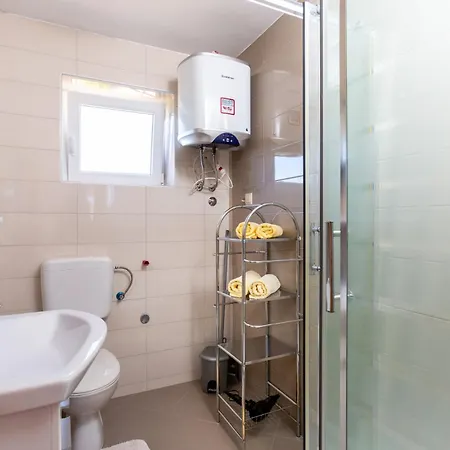 Apartment Tina 2 - Mpolo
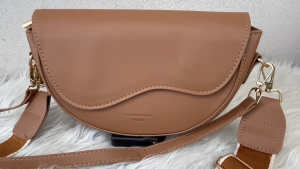 FS-กระเป๋าสะพายข้างมาใหม่หนังดีมากใส่ของได้เยอะ แฟชั่น มีซิป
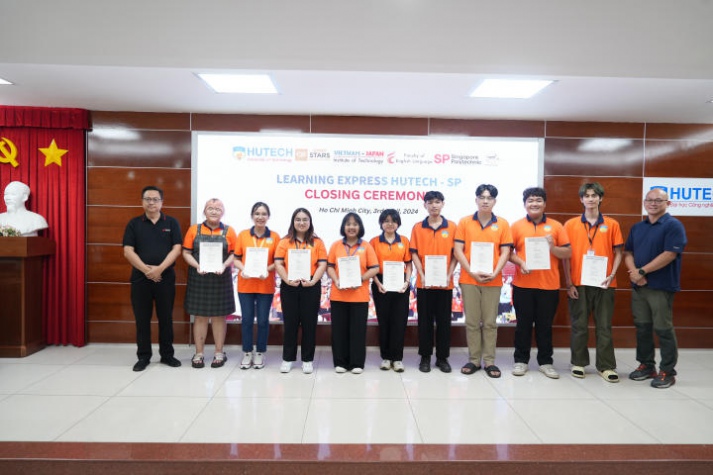 [Video] Ấn tượng với loạt poster, mô hình đột phá của Tải app 13Win 13WIN13 và Trường Singapore Polytechnic tại “Learning Express” 214
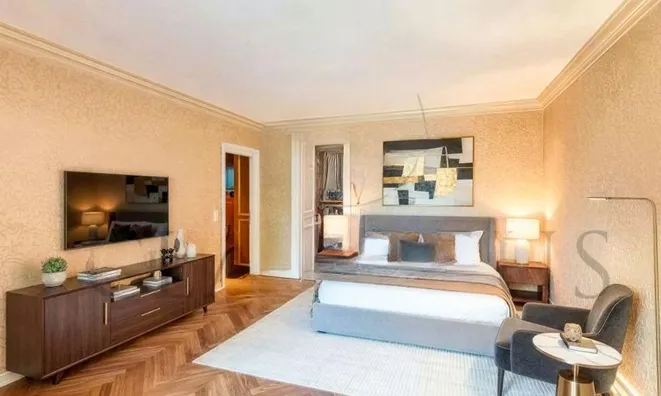 Недвижимость Apartment 8 rooms: 6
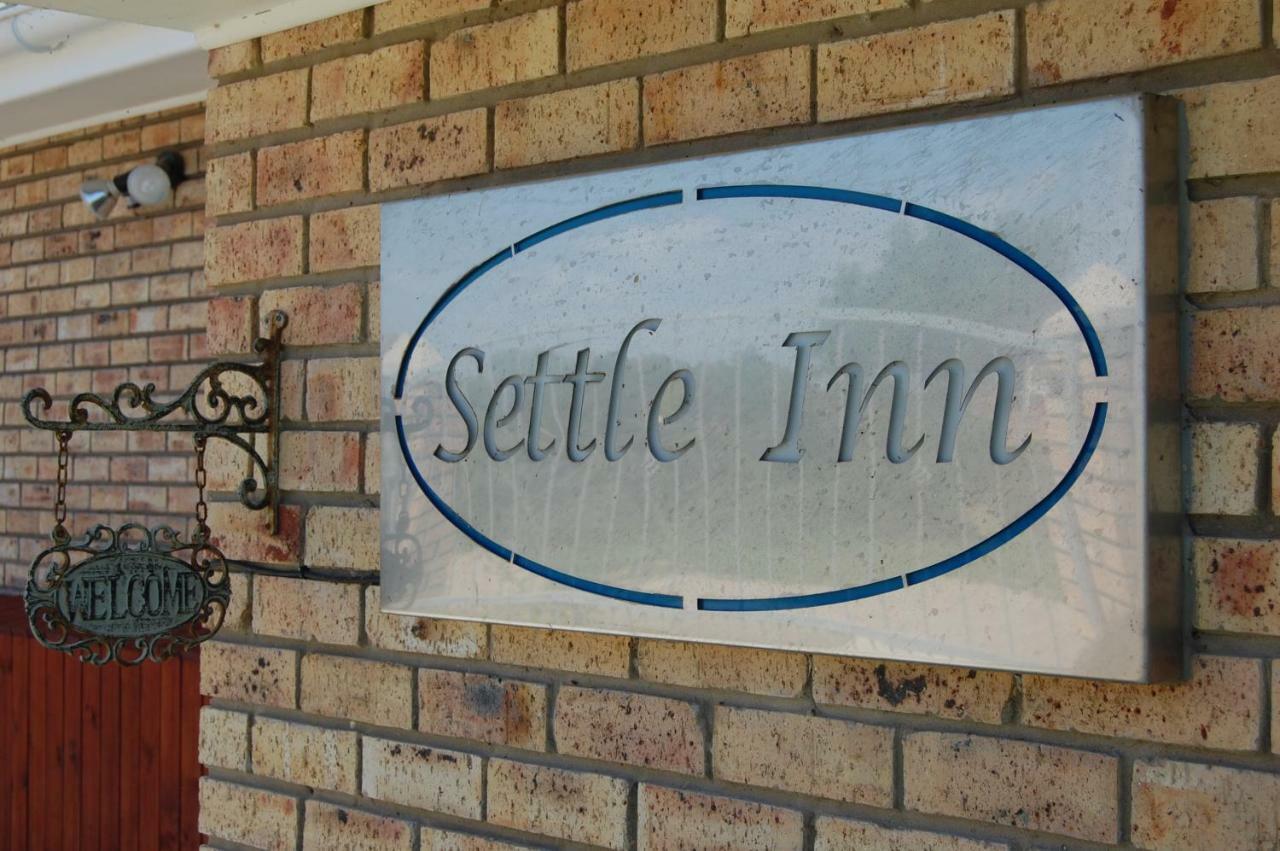 Settle Inn Self Catering Accommodation Colchester Esterno foto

───

- _EXERCISE GOAL_: Every entry above is to be copied verbatim, with the pictures removed.

- _RESPONSE AREA_:
 Apartment Tina 2 - Mpolo
 FS-กระเป๋าสะพายข้างมาใหม่หนังดีมากใส่ของได้เยอะ แฟชั่น มีซิป
 [Video] Ấn tượng với loạt poster, mô hình đột phá của Tải app 13Win 13WIN13 và Trường Singapore Polytechnic tại “Learning Express” 214
 Недвижимость Apartment 8 rooms: 6
 Settle Inn Self Catering Accommodation Colchester Esterno foto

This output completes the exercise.